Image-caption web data
****************************************
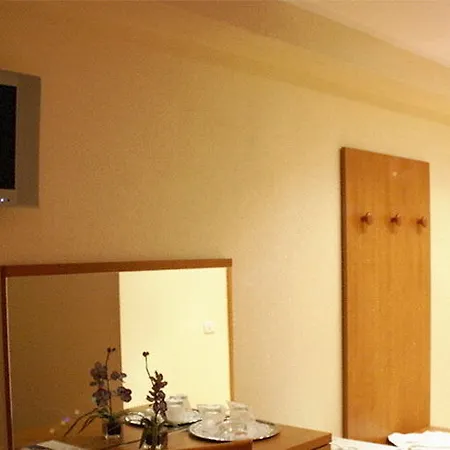 Alma Hotel Hotel 3*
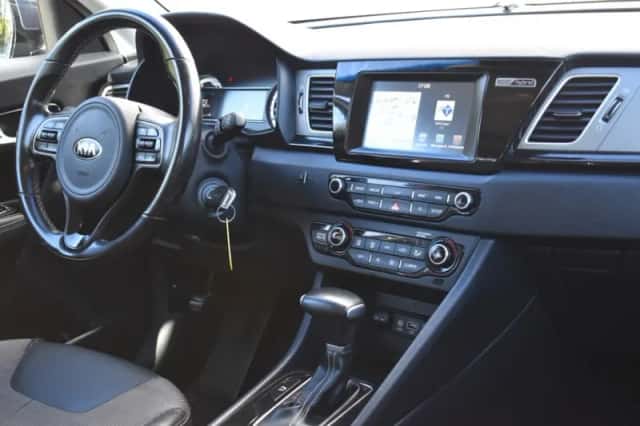 Kia Niro (2017) thumbnail 32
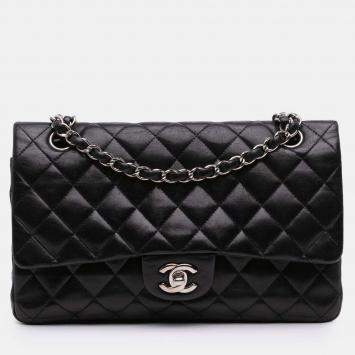 Pre Owned Chanel Black Medium Classic Lambskin Double Flap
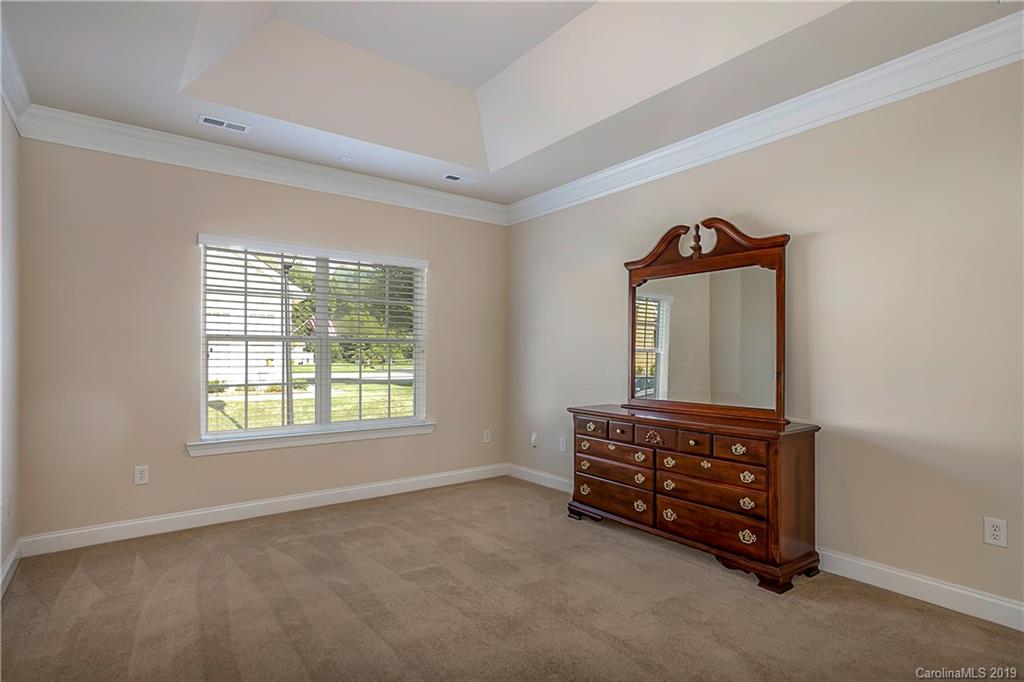 2212 N Castle Court Matthews NC 28105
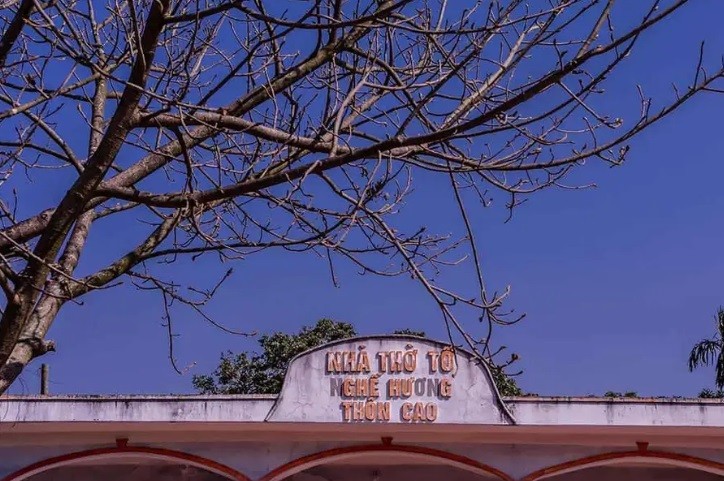 Nghề làm hương ở Cao Thôn có lịch sử lâu đời, bắt nguồn từ khoảng cuối thế kỷ XVIII. Nghề làm hương ở Cao Thôn có lịch sử lâu đời, bắt nguồn từ khoảng cuối thế kỷ XVIII.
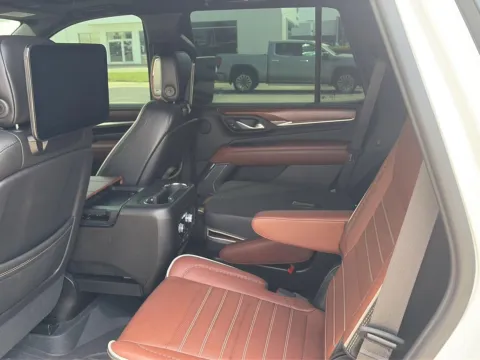 More photos of 2023 GMC Yukon Denali Ultimate at Cadillac of Knoxville, TN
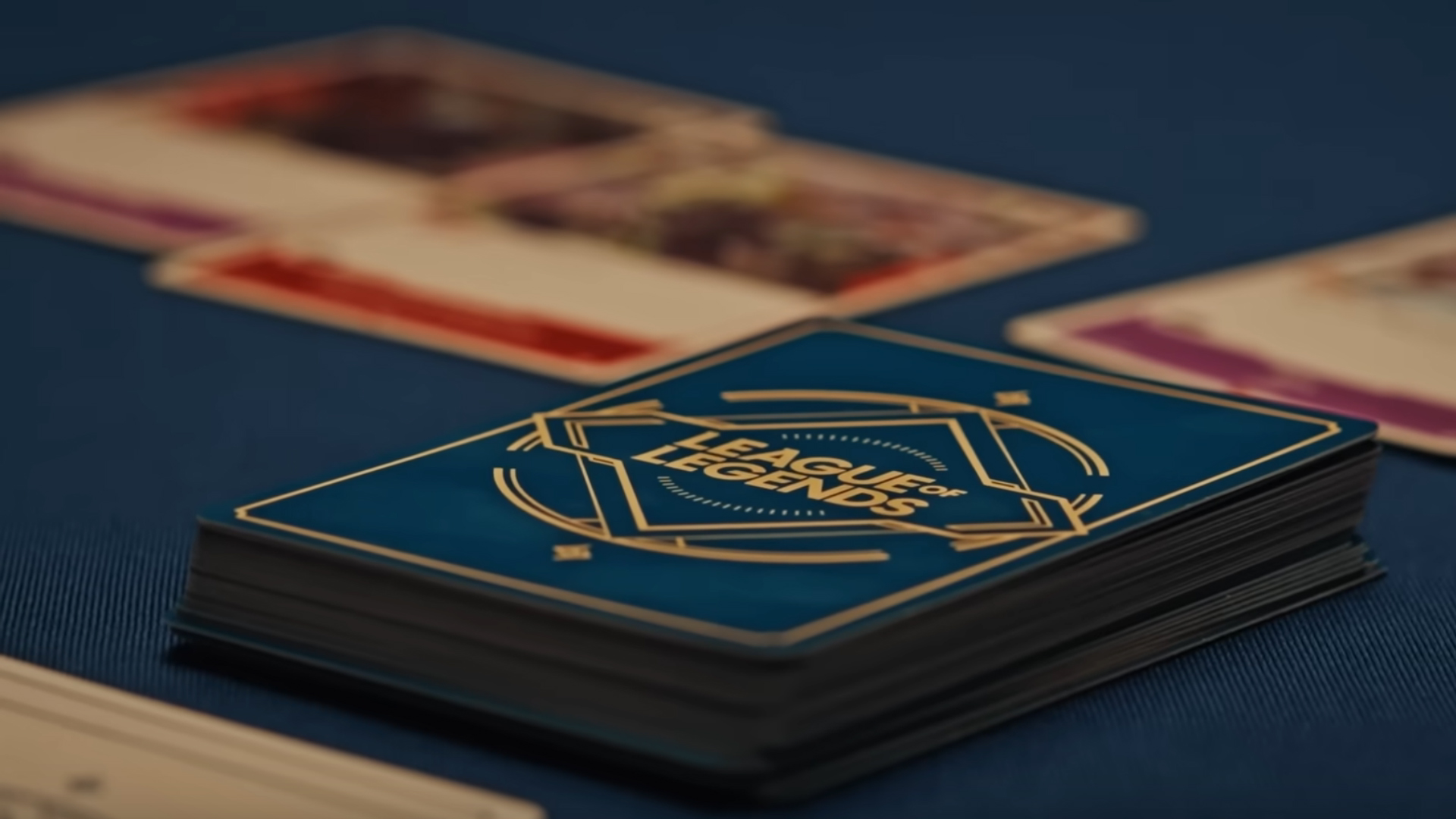 LoL: Riot faz parceria para levar jogo de cartas físicas ao mundo 2 LoL: Riot faz parceria para levar jogo de cartas físicas ao mundo lol tcg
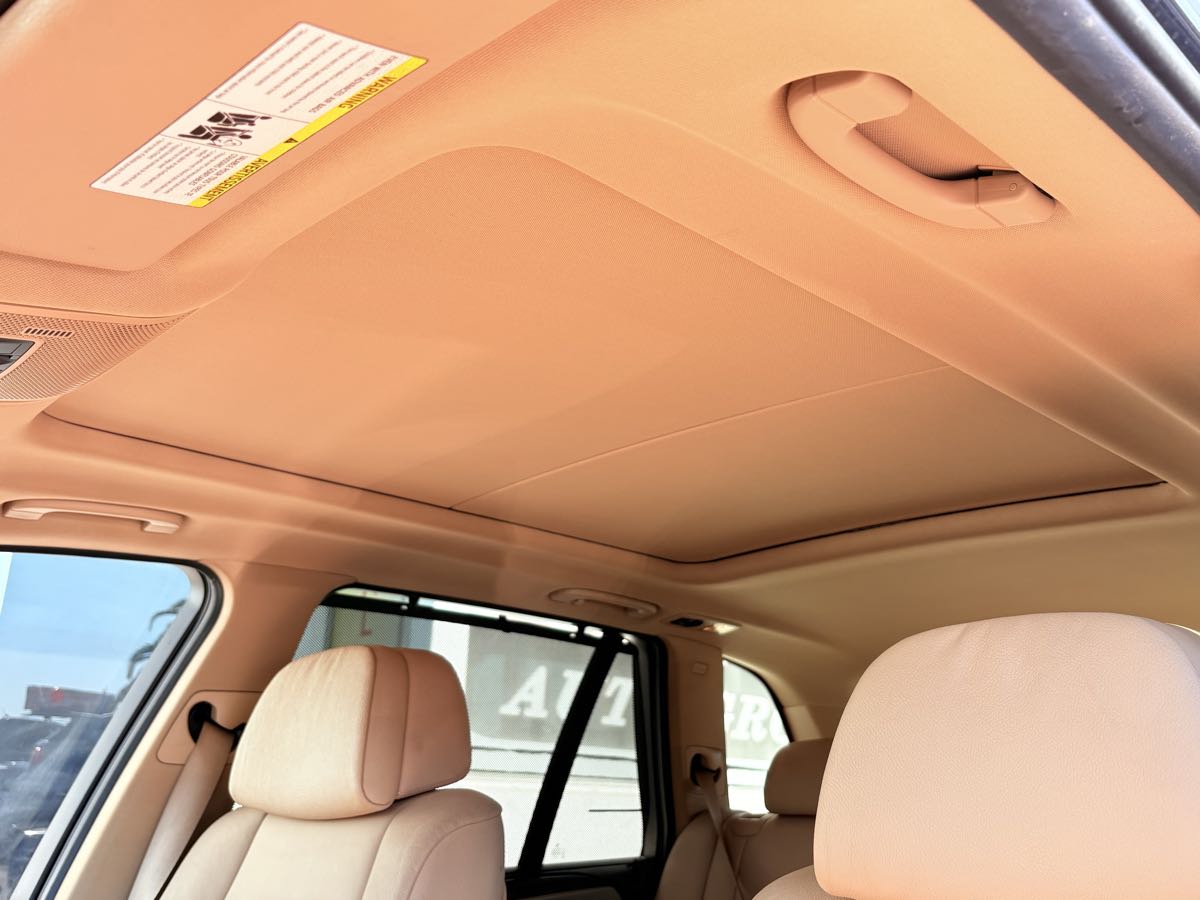 2011 BMW X5 xDrive50i - Photo 12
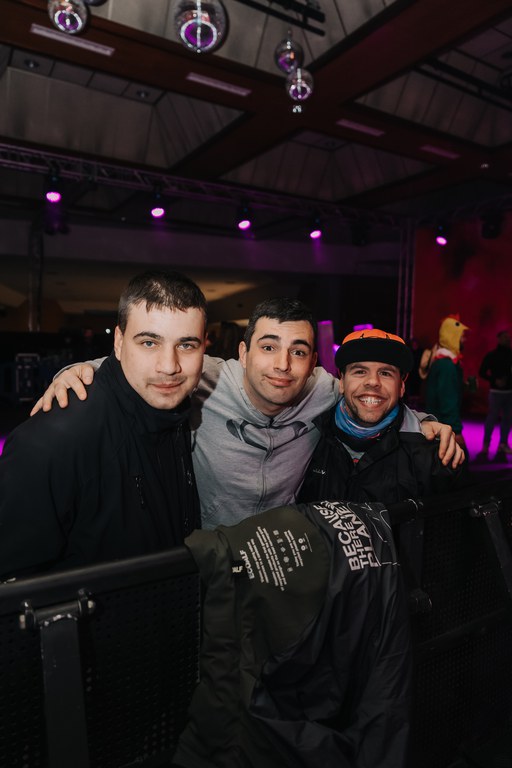3 - Grup de versions Les que Faltaband + DJ Marc Montalvo_15-02-26 - 2.jpg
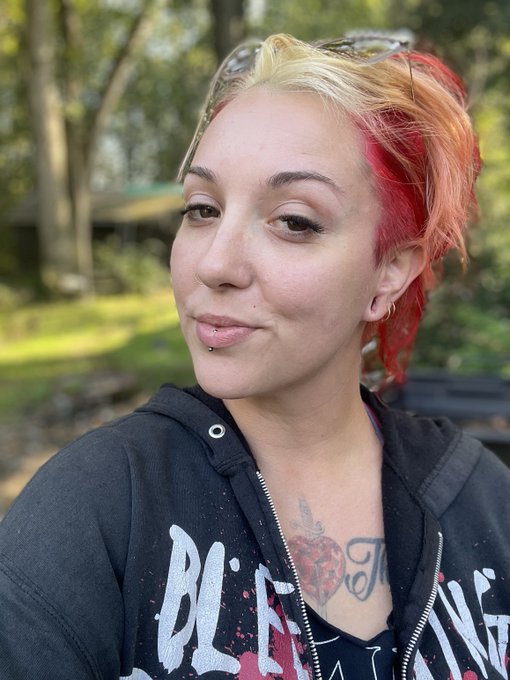 I do, in fact, still exist. Some things  I have a photoshoot this weekend that I&rsquo;m super stoked for.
****************************************
What you are asked to do: Using the records above, print exactly the lines between the ones containing "Kia Niro (2017) thumbnail 32" and "3 - Grup de", inclusive, and nothing else; no pictures.

Exercise output:
 Kia Niro (2017) thumbnail 32
 Pre Owned Chanel Black Medium Classic Lambskin Double Flap
 2212 N Castle Court Matthews NC 28105
 Nghề làm hương ở Cao Thôn có lịch sử lâu đời, bắt nguồn từ khoảng cuối thế kỷ XVIII. Nghề làm hương ở Cao Thôn có lịch sử lâu đời, bắt nguồn từ khoảng cuối thế kỷ XVIII.
 More photos of 2023 GMC Yukon Denali Ultimate at Cadillac of Knoxville, TN
 LoL: Riot faz parceria para levar jogo de cartas físicas ao mundo 2 LoL: Riot faz parceria para levar jogo de cartas físicas ao mundo lol tcg
 2011 BMW X5 xDrive50i - Photo 12
3 - Grup de versions Les que Faltaband + DJ Marc Montalvo_15-02-26 - 2.jpg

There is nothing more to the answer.